Beef And Rice Casserole

A hearty and satisfying one-pan meal, this beef and rice casserole is simmered in a rich tomato sauce and baked to perfection with a gooey, melted Cheddar cheese topping.
Prep Time 15 minutes
Cook Time 1 hour 5 minutes
Total Time 1 hour 20 minutes
Servings: 4 servings
Course: Main Course
Cuisine: American
Calories: 635

Ingredients
  

  • 1 tbsp olive oil
  • 1 large onion finely chopped
  • 2 cloves garlic minced
  • 500 g lean beef mince 5% fat
  • 1 tsp smoked paprika
  • 1 tsp dried oregano
  • 2 tbsp tomato purée
  • 400 g tin chopped tomatoes
  • 700 ml rich beef stock hot
  • 1 tbsp Worcestershire sauce
  • 200 g long-grain white rice uncooked
  • 150 g mature Cheddar cheese grated
  • Salt and freshly ground black pepper to taste
  • 2 tbsp fresh parsley chopped (for garnish)

Method
 

  1. Preheat your oven to 180°C (160°C fan).

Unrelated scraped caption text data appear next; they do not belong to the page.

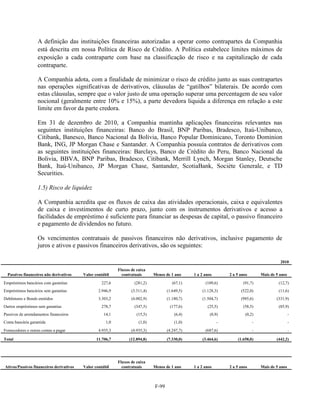 A definição das instituições financeiras autorizadas a operar como contrapartes da Companhia
                   está descrita em nossa Política de Risco de Crédito. A Política estabelece limites máximos de
                   exposição a cada contraparte com base na classificação de risco e na capitalização de cada
                   contraparte.

                   A Companhia adota, com a finalidade de minimizar o risco de crédito junto as suas contrapartes
                   nas operações significativas de derivativos, cláusulas de ―gatilhos‖ bilaterais. De acordo com
                   estas cláusulas, sempre que o valor justo de uma operação superar uma percentagem de seu valor
                   nocional (geralmente entre 10% e 15%), a parte devedora liquida a diferença em relação a este
                   limite em favor da parte credora.

                   Em 31 de dezembro de 2010, a Companhia mantinha aplicações financeiras relevantes nas
                   seguintes instituições financeiras: Banco do Brasil, BNP Paribas, Bradesco, Itaú-Unibanco,
                   Citibank, Banesco, Banco Nacional da Bolívia, Banco Popular Dominicano, Toronto Dominion
                   Bank, ING, JP Morgan Chase e Santander. A Companhia possuía contratos de derivativos com
                   as seguintes instituições financeiras: Barclays, Banco de Crédito do Peru, Banco Nacional da
                   Bolivia, BBVA, BNP Paribas, Bradesco, Citibank, Merrill Lynch, Morgan Stanley, Deutsche
                   Bank, Itaú-Unibanco, JP Morgan Chase, Santander, ScotiaBank, Sociète Generale, e TD
                   Securities.

                   1.5) Risco de liquidez

                   A Companhia acredita que os fluxos de caixa das atividades operacionais, caixa e equivalentes
                   de caixa e investimentos de curto prazo, junto com os instrumentos derivativos e acesso a
                   facilidades de empréstimo é suficiente para financiar as despesas de capital, o passivo financeiro
                   e pagamento de dividendos no futuro.

                   Os vencimentos contratuais de passivos financeiros não derivativos, inclusive pagamento de
                   juros e ativos e passivos financeiros derivativos, são os seguintes:

                                                                                                                                              2010
                                                            Fluxos de caixa
  Passivos financeiros não derivativos    Valor contábil      contratuais      Menos de 1 ano     1 a 2 anos       2 a 5 anos       Mais de 5 anos
Empréstimos bancários com garantias                227,6             (281,2)             (67,1)         (109,6)           (91,7)             (12,7)
Empréstimos bancários sem garantias               2.946,9          (3.311,4)          (1.649,5)       (1.128,3)          (522,0)             (11,6)
Debêntures e Bonds emitidos                       3.303,2          (4.002,9)          (1.180,7)       (1.504,7)          (985,6)            (331,9)
Outros empréstimos sem garantias                   278,7             (347,5)           (177,6)           (25,5)           (58,5)             (85,9)
Passivos de arrendamentos financeiros                14,1             (15,5)              (6,4)           (8,9)            (0,2)                     -
Conta bancária garantida                              1,0              (1,0)              (1,0)                -                -                    -
Fornecedores e outras contas a pagar              4.935,3          (4.935,3)          (4.247,7)         (687,6)                 -                    -

Total                                            11.706,7         (12.894,8)          (7.330,0)       (3.464,6)        (1.658,0)            (442,2)




                                                            Fluxos de caixa
Ativos/Passivos financeiros derivativos   Valor contábil      contratuais      Menos de 1 ano     1 a 2 anos       2 a 5 anos       Mais de 5 anos



                                                                               F-99
 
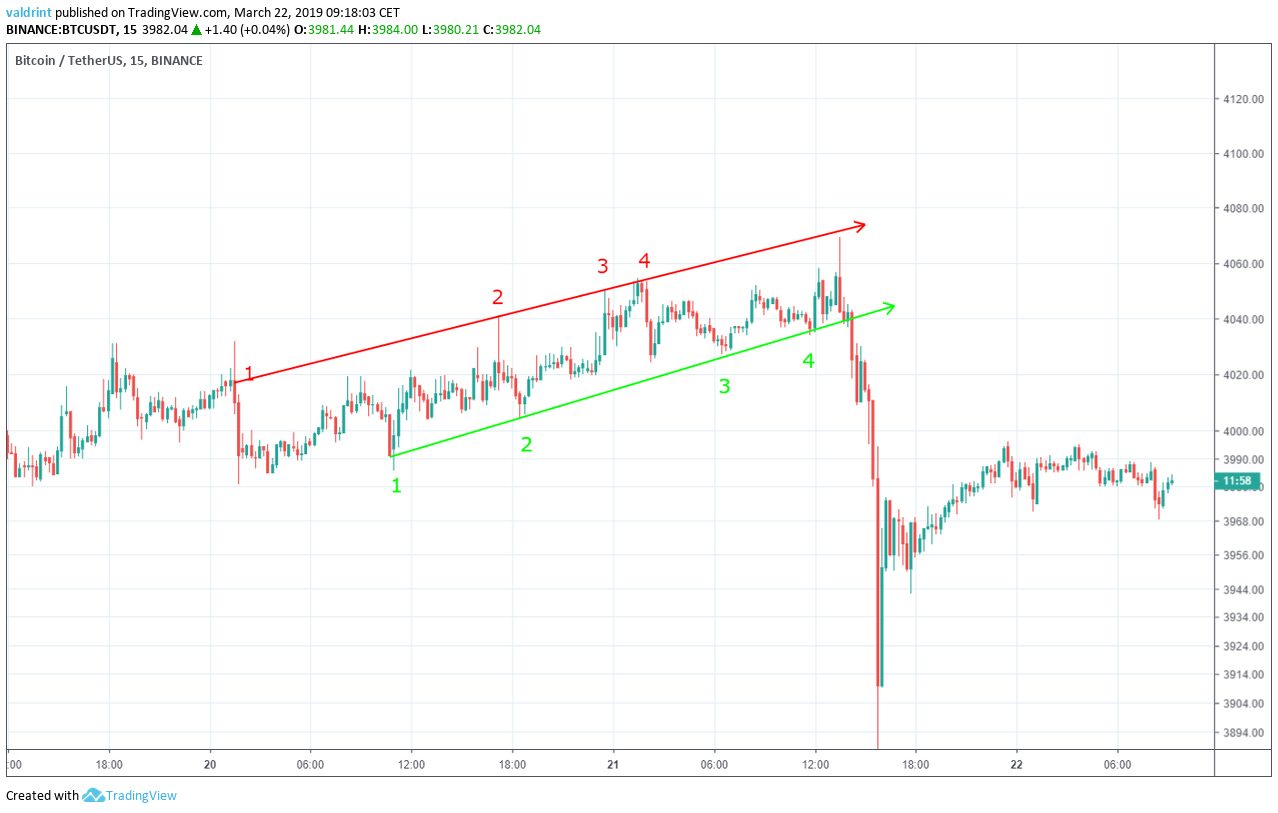 Bitcoin Channel
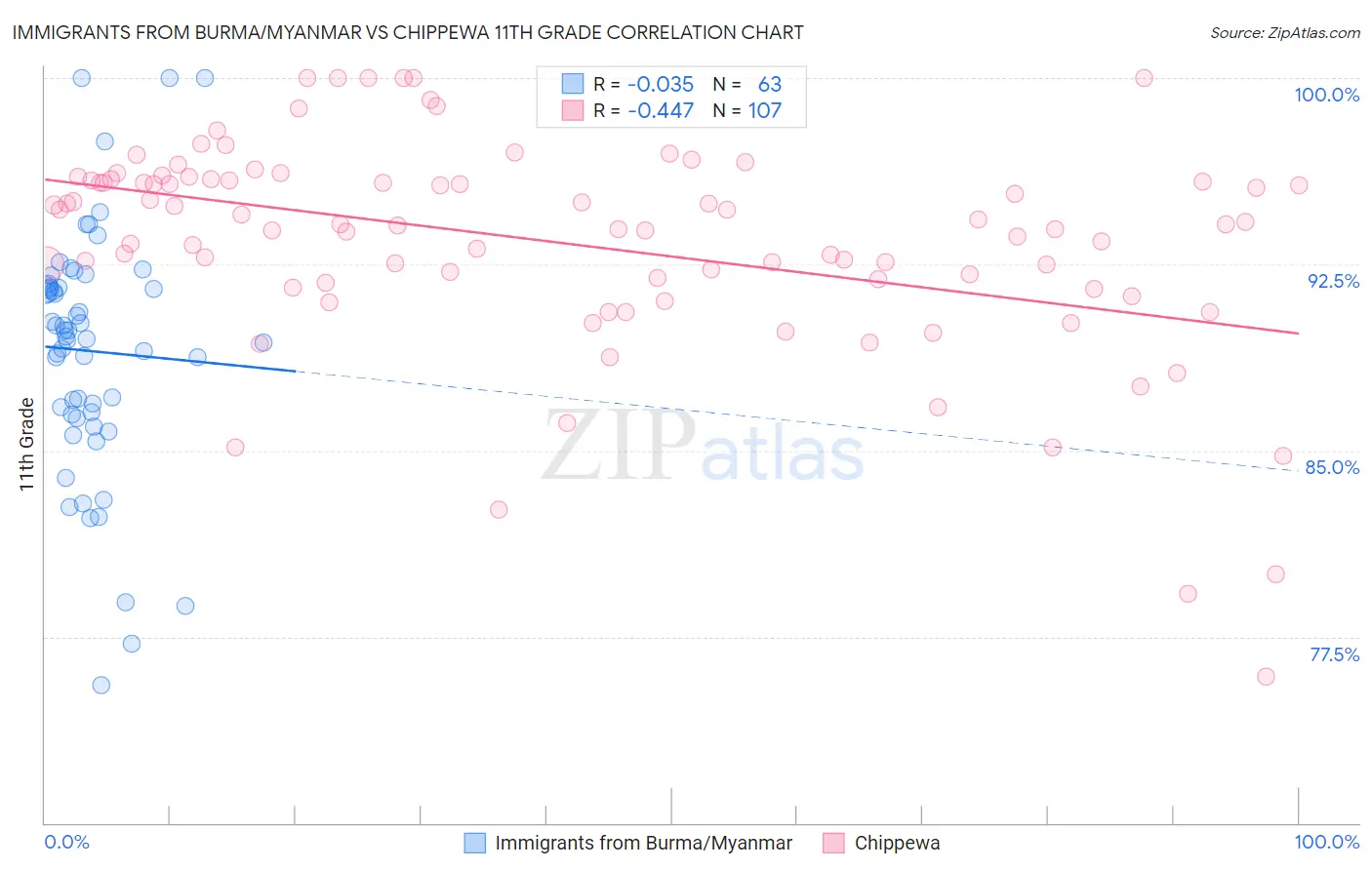 Immigrants from Burma/Myanmar vs Chippewa 11th Grade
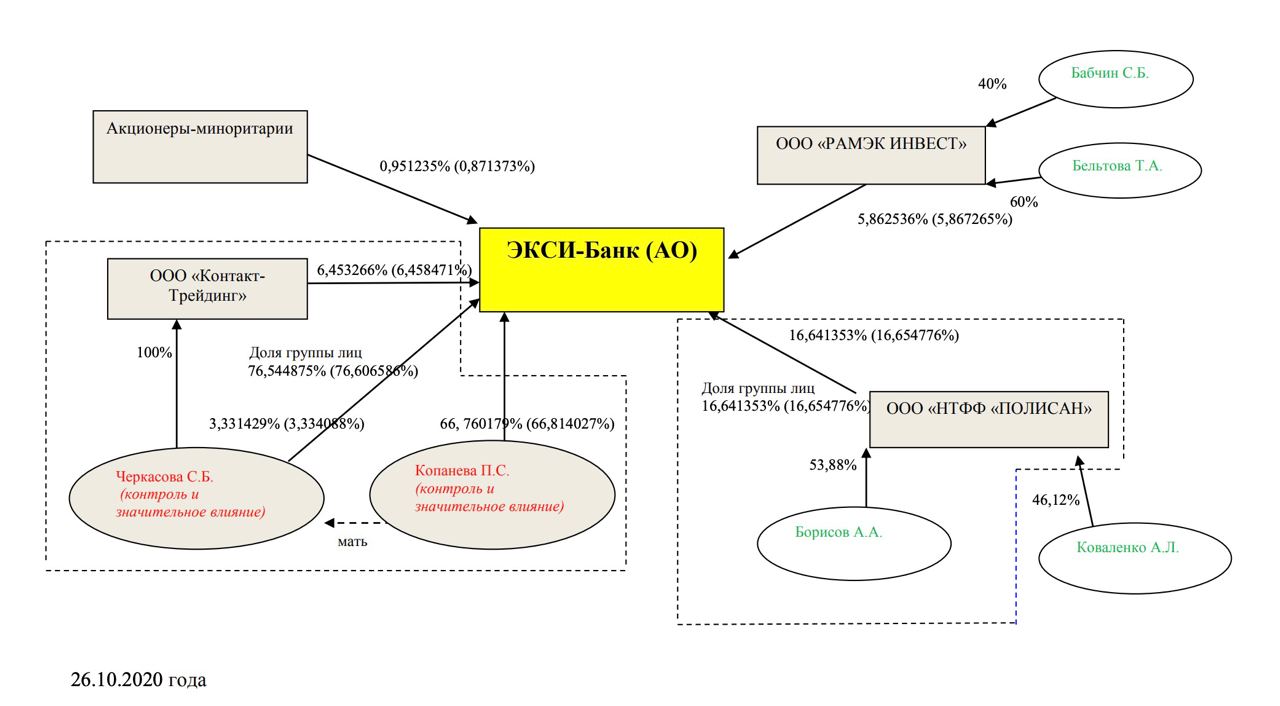 ????Воглавлявшая Экси-Банк (Санкт-Петербург) с 1993 года Прасковья Копанёва покинула пост генерального директора, на её место назначен бывший управляющий Северо-Западным филиалом МТС Банка Дмитрий Григорович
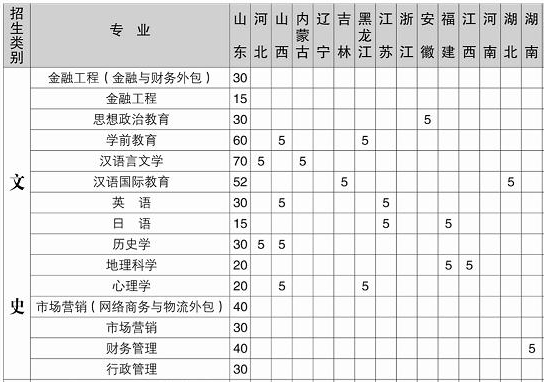 fW(xu)Ժ2013걾Ʒʡ֌(zhun)I(y)Ӌ(j)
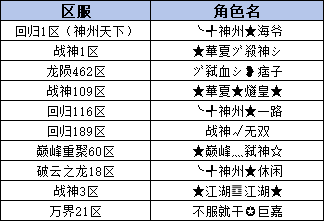 企业微信截图_17052992953009.png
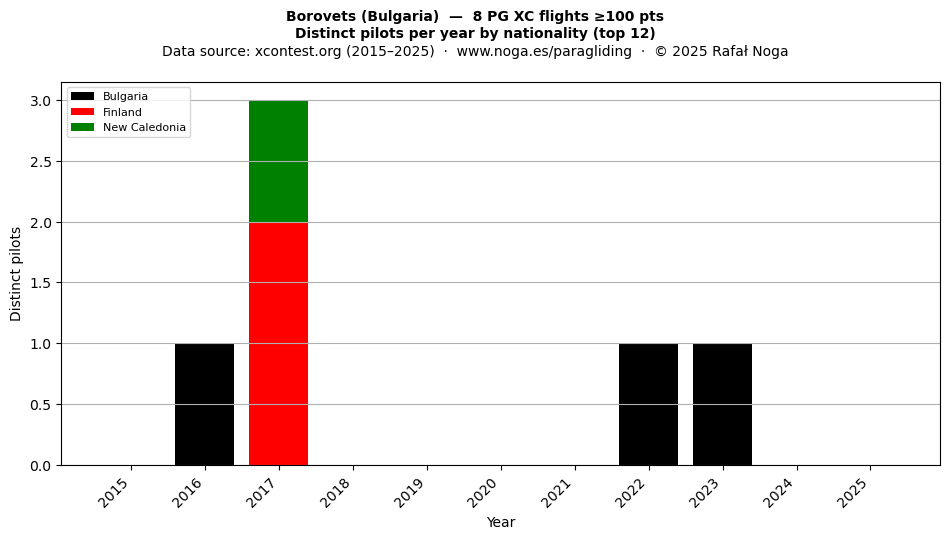 Distinct pilots per year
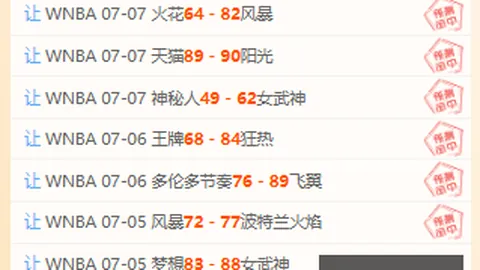 2026赛季前瞻：三场全胜奇迹，连胜与连败的较量
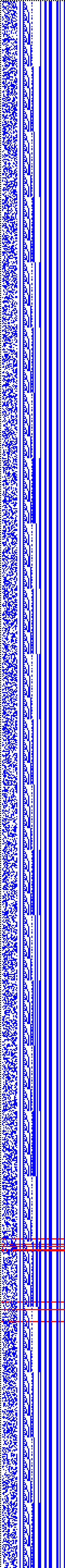 Bild: Logdateigrafik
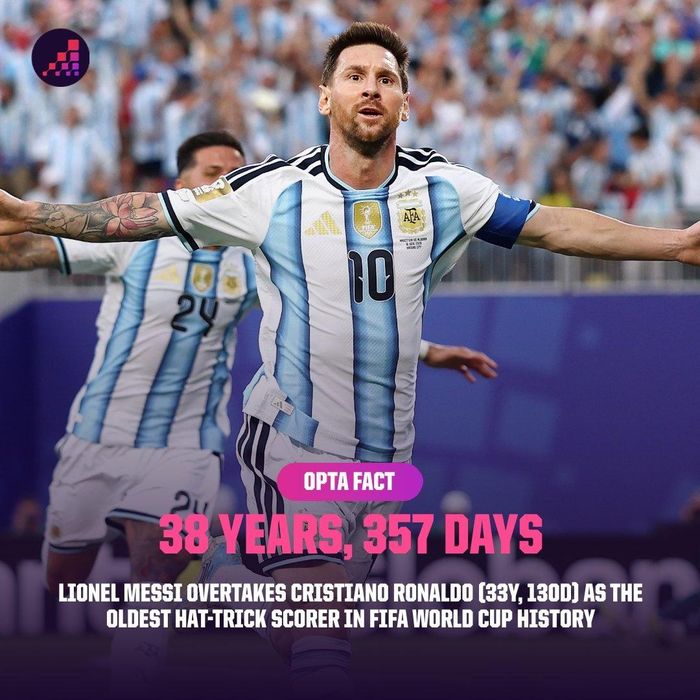  Ở 38 tuổi và 357 ngày, Messi cũng tiếp tục ghi tên mình vào lịch sử với tư cách cầu thủ lớn tuổi nhất ghi bàn cho Argentina tại một vòng chung kết World Cup. Thêm vào đó, số 10 cũng chính thức xô đổ kỷ lục cầu thủ già nhất từng lập hat-trick ở World Cup do Cristiano Ronaldo nắm giữ với 33 tuổi và 100 ngày.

Lightly grease a 9x13 inch (or similar 2.5-litre) baking dish.
  2. Heat the olive oil in a large, deep frying pan or Dutch oven over a medium-high heat. Add the chopped onion and cook for 5-7 minutes, until softened and translucent. Add the minced garlic and cook for another minute until fragrant.
  3. Add the beef mince to the pan. Break it up with a wooden spoon and cook until it's thoroughly browned all over. Drain off any excess fat if necessary. What works best for me is to let the mince sit for a minute or two without stirring to develop a nice brown crust.
  4. Stir in the smoked paprika, dried oregano, and tomato purée. Cook for one minute, stirring constantly, to cook out the raw taste of the purée.
  5. Pour in the chopped tomatoes, hot beef stock, and Worcestershire sauce. Season well with salt and pepper. Bring the mixture to a simmer and let it bubble gently for 5 minutes to allow the flavours to meld.
  6. Remove the pan from the heat and stir in the uncooked rice. Ensure the rice is fully submerged in the liquid.
  7. Carefully pour the mixture into your prepared baking dish and spread it out evenly.
  8. Cover the dish very tightly with aluminium foil. This is a crucial step to trap steam and cook the rice. Bake in the preheated oven for 30 minutes.
  9. After 30 minutes, carefully remove the dish from the oven and take off the foil. The rice should have absorbed most of the liquid. Sprinkle the grated Cheddar cheese evenly over the top.
  10. Return the dish to the oven, uncovered, and bake for a further 10-15 minutes, or until the cheese is melted, bubbling, and golden brown on top.
  11. Let the casserole rest for 5-10 minutes before serving. This helps it to set slightly, making it easier to serve. Garnish with fresh parsley.

Notes

This casserole reheats well, making it perfect for leftovers. Store in an airtight container in the fridge for up to 3 days.